Agile is not just about software

agile not just software delivery

We all know the stories about agile failures. About things like Flaccid Scrum, Cargo Cult Agile, and all the others. We all hear the tales of micromanaging PMP-certificate wielding “scrum-masters”, absentee-landlord product owners, and merciless stakeholders. What’s gone wrong? A few things. But mainly, organisations are signing up to Agile for the wrong reasons, and they’re not making the right changes. They’re trying to get away with the least possible disruption: just changing the way software development work is structured. Agile is about software development. But Agile is also about much more than that. It requires changes to the entire organisation.

Companies see IT as a weird separate function

The traditional view of IT is that it is a weird specialist engineering function, separate from the rest of the organisation, and very separate indeed from anyone in the “business”. Those people have jobs that involve understanding customers, and business, and money and making more money. And what do engineers know about that? Nothing! They’re just a bunch of nerds, right? We should just use our business smarts to figure out what to build, and then tell them to build it, and wait until it’s finished, right?

If that is the company’s attitude, they may as well just go all the way. Sack all the IT people, and hire some overpriced vendor or agency. Then we can all pay through the nose, get something nobody wanted, and bring in the lawyers and argue over contracts like the good old days in the 90s.

This view is, of course, a profoundly stupid way of looking at technology. We are now living in the 21st century. IT has become a fundamental part of how all firms operate and interact with customers (and suppliers, partners, and so on). Business and technology need to work together. They can’t be at an arms’ length from each other anymore. In fact, we need to disolve the distinction between business and IT altogether. And we need to start applying Agile principles to not just the way we build software, but the way we run businesses.

Times have changed

We all know times have changed. We live in a completely different world than the one we lived in 30 years ago, let alone the one we lived in 90 years ago. But we still structure organisations, manage projects, choose strategies, hire and reward people, draw up budgets and fund work the same way we did 90 years ago.

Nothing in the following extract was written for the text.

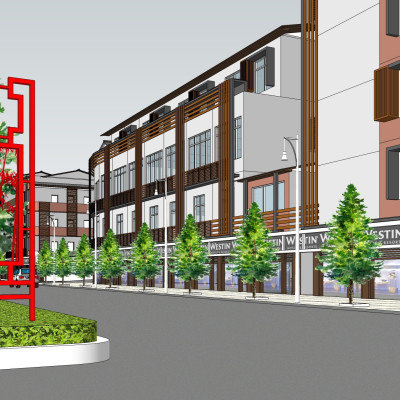 新中式沿街商业建筑su模型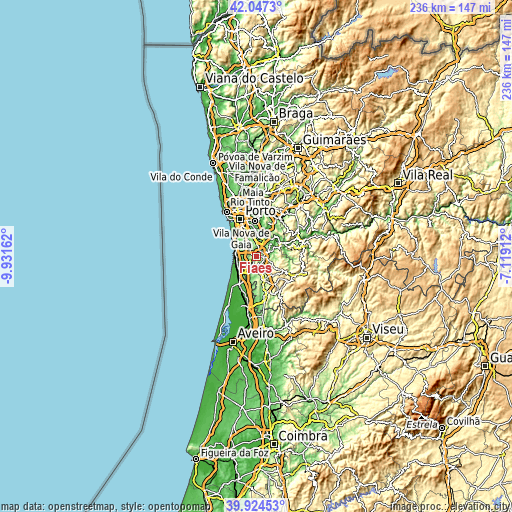 Topographic map of Fiães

The days of scientific management need to be resigned to the dustbin of history.

Everyone needs to recognise these (whether they like them or not):

  • Almost all of the valuable work people do now (in developed economies) is creative, collaborative knowledge-based work
  • Building software is not a repeatable manufacturing process, it is a bespoke creative design process
  • We live in a globalised economy with almost no barriers to the movement of ideas, people and money
  • Technological change is disrupting not just companies but entire industries, sometimes in just a handful of years
  • Time to market and customer value trump all (ALL) other metrics or priorities.

If you don’t get with the times, you will be disrupted and obliterated. It’s that simple.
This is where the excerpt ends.